▶ What you are asked to do:
There are pictures in the records below; leave them out and set down exactly the lines from the one holding "Yoga Stretching Landing" through the one holding "Lighting New Year's".

▶ Records supplied:
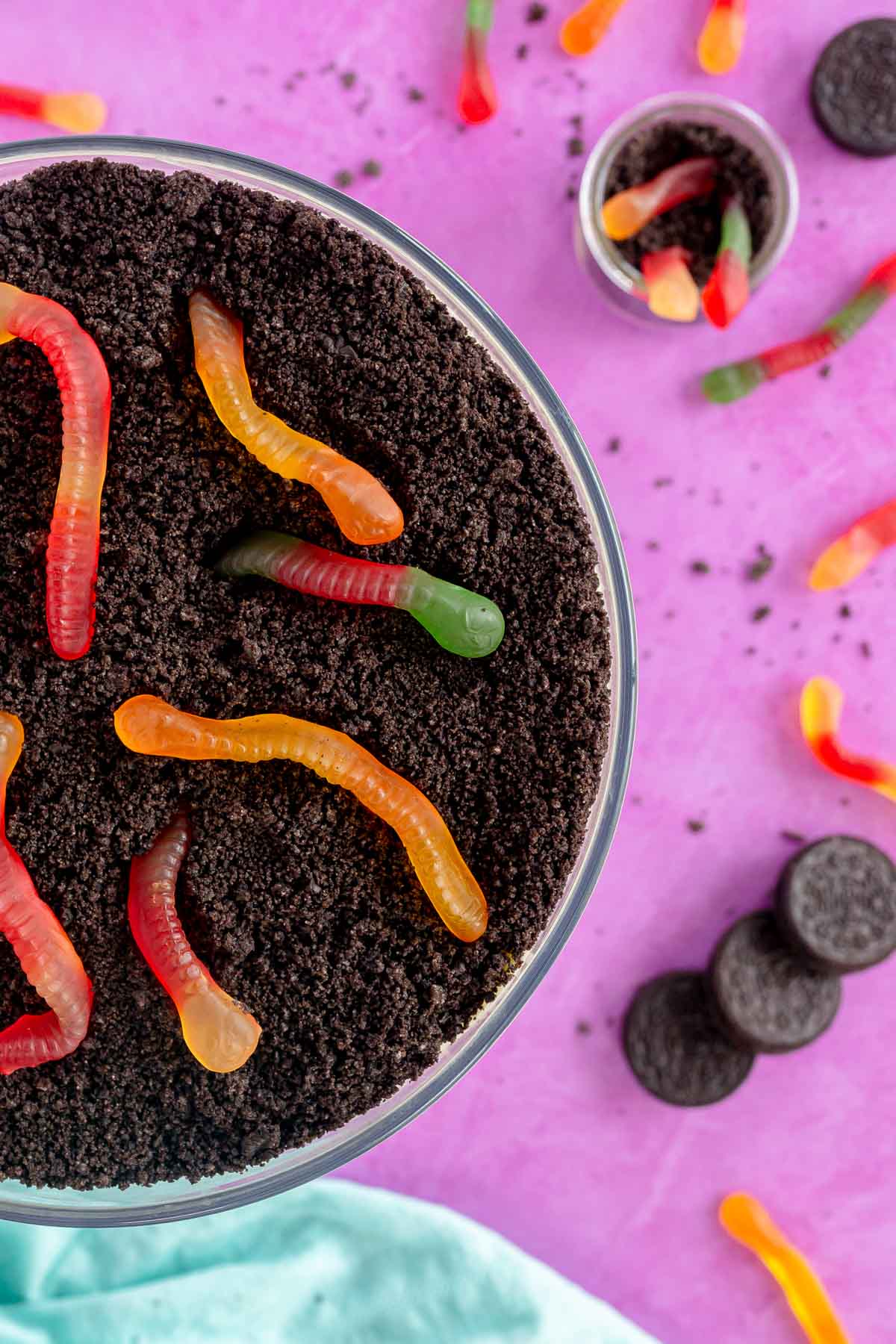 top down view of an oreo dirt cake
* * *
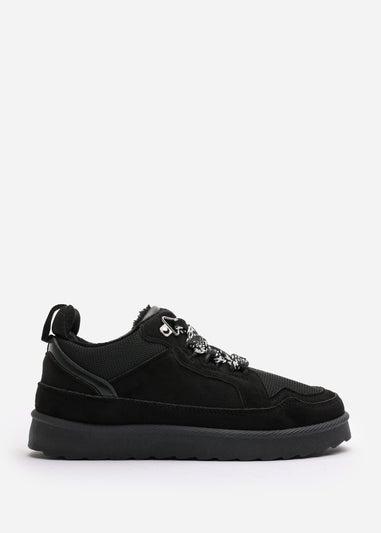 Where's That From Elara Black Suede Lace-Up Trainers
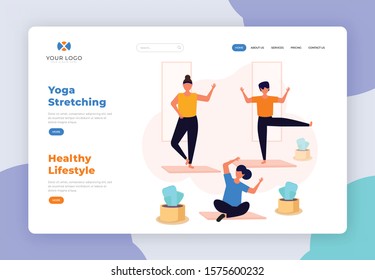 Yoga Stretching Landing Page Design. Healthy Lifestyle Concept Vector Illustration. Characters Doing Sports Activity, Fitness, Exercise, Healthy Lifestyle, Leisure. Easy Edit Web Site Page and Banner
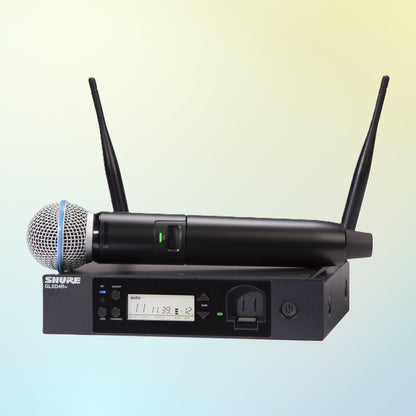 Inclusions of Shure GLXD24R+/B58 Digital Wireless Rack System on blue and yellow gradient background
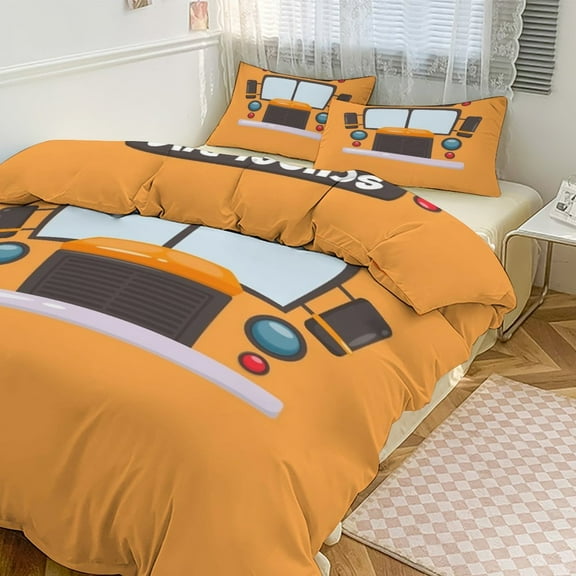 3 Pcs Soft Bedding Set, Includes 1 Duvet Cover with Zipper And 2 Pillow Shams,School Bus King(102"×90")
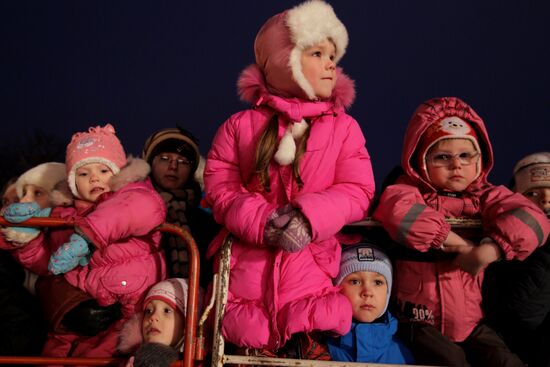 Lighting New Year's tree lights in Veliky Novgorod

▶ Reply to the exercise:
 Yoga Stretching Landing Page Design. Healthy Lifestyle Concept Vector Illustration. Characters Doing Sports Activity, Fitness, Exercise, Healthy Lifestyle, Leisure. Easy Edit Web Site Page and Banner
 Inclusions of Shure GLXD24R+/B58 Digital Wireless Rack System on blue and yellow gradient background
 3 Pcs Soft Bedding Set, Includes 1 Duvet Cover with Zipper And 2 Pillow Shams,School Bus King(102"×90")
 Lighting New Year's tree lights in Veliky Novgorod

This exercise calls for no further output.